Le 26 mars 2011, Ennadha a finalement renoncé à cette exigence. L’article 1 de la Constitution demeure donc inchangé: «La Tunisie est un État libre, indépendant et souverain: sa religion est l’Islam, sa langue l’arabe et son régime la république.» [1]

En liaison avec le pouvoir, les milices d’Ennadha et les salafistes multiplient menaces et attaques quotidiennes. Ils menacent les libertés individuelles en s’en prenant particulièrement aux libertés des femmes et à la liberté d’expression. Les salafistes ont, par exemple, organisé, en mars-avril 2012, un sit-in de 50 jours devant le siège de la télévision tunisienne dont les informations et les programmes ne leur conviennent pas. Ce genre d’actions vise à empêcher de parler des vrais problèmes quotidiens de la population.

Les responsables d’Ennadha ne s’opposent pas à de tels agissements des militants islamistes qui leur servent en fait souvent d’hommes de main. Cela était visible lors du sit-in devant la télévision nationale où les salafistes et Lotfi Zitoun, le conseiller Ennadha du Premier ministre, se sont réparti les rôles. [2]

A la télévision, on a pu voir des vidéos où la police et les milices islamistes attaquent de façon coordonnée les manifestant·e·s. Des menaces sérieuses existent donc pour la démocratie. A la base, une symbiose se réalise entre les militants d’Ennadha et les salafistes. Les appels à l’unité entre tous les islamistes se multiplient dans la presse.

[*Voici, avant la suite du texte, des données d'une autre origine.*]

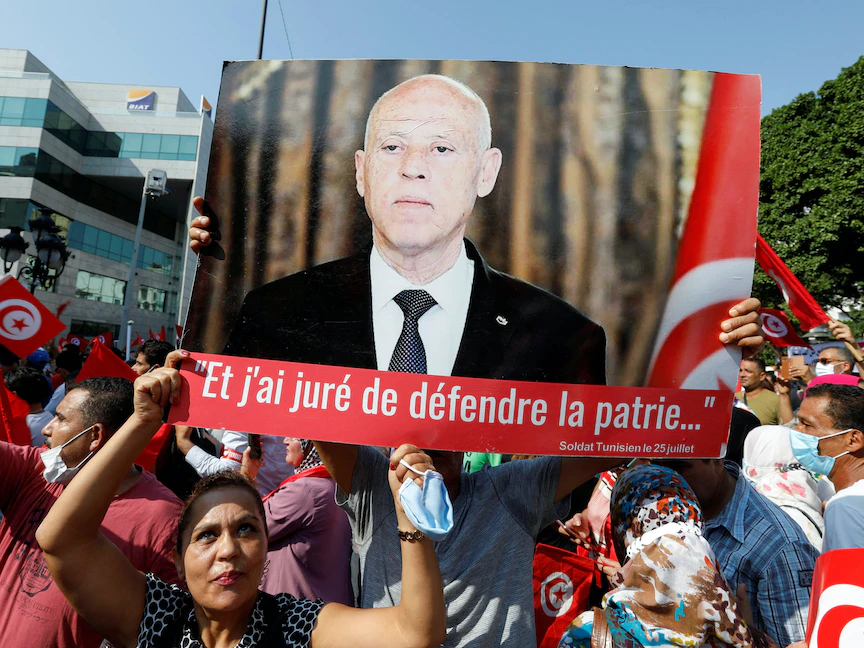 أنصار الرئيس التونسي قيس سعيّد يحتشدون في العاصمة لدعم خطوته تعليق عمل البرلمان وإقالة الحكومة - 3 أكتوبر 2021 - REUTERS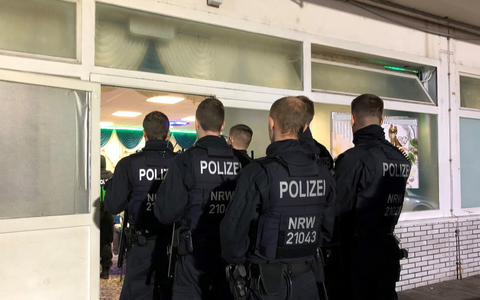 POL-DU: Stadtgebiet: Schwerpunkteinsatz in Duisburg - Netzwerkpartner kontrollieren Barbershops, SpielstÀtten und Teestuben - Foto: presseportal.de POL-DU: Stadtgebiet: Schwerpunkteinsatz in Duisburg - Netzwerkpartner kontrollieren Barbershops, SpielstÀtten und Teestuben - Foto: presseportal.de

L’effritement des partenaires gouvernementaux d’Ennadha

Le CPR du Président Marzouki dénonce bien certains agissements des islamistes. Mais beaucoup de dirigeants du CPR sont liés à Ennadha. Ces deux courants ont travaillé en partenariat lors des élections à l’Assemblée constituante:certaines têtes de liste du CPR étaient, par exemple, membres d’Ennadha. (Voir le tableau des résultats en fin de l’article)

Au printemps 2012, le CPR a finalement éclaté de la sorte:

1° La majorité du Bureau politique reste fidèle à Marzouki et aux ministres CPR en place.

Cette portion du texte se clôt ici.